A marketing worker-bee by day, a dancer/weaver/botanist at 5 pm – that’s how I would have described myself a few months ago. I think I’ve been bitten by the birding bug, though, so I might have to revise this description.
It’s hard to avoid being at least a casual birder at the Folk School – the birds are literally everywhere! I was dancing in Open House yesterday and saw a Pileated Woodpecker in the woods towards Keith House. On my way home on Tuesday, I saw 11 Wild Turkeys on the side of the road just beyond the Folk School campground. The Eastern Bluebirds are always perched near Tower House, and the Red-winged Blackbirds are calling their distinct call from the wet areas near the Rivercane Trail. I’m expecting the Whip-poor-wils to start calling in the evenings very soon, and the Ruby-throated Hummingbirds that visit the Keith House will be arriving shortly.

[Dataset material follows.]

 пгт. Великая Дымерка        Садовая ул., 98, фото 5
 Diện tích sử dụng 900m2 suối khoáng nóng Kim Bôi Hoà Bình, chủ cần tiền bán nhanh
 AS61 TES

These are all birds I’ve seen before I got really “into” this whole birding thing. At some point, I decided to start keeping track of what I’ve seen – right after I made a birding checklist for the Folk School as part of my job (since we’re on the NC Birding Trail). So, yesterday was a very exciting day, because I spotted some “new-to-me” birds. I walk a lot by the Little Brasstown Creek and saw a Belted Kingfisher, swooping over the water, and under the brush near the trail, I saw an Eastern Towhee. (That one took a while to identify.) Two new checks on the list, both in one day!
I’m taking the Birds of Southern Appalachia next month (with my mom, who will be visiting from Michigan), and I’m really excited. For two reasons, really. In my personal quest to learn more about nature, I feel that I am just at the tip of the iceberg when it comes to birds. Even more importantly, I get to spend quality time with my mom as we both learn something that’s new and exciting to both of us. A good birder friend of mine said that she couldn’t imagine life before birding by ear, and I think I’m beginning to understand what she meant.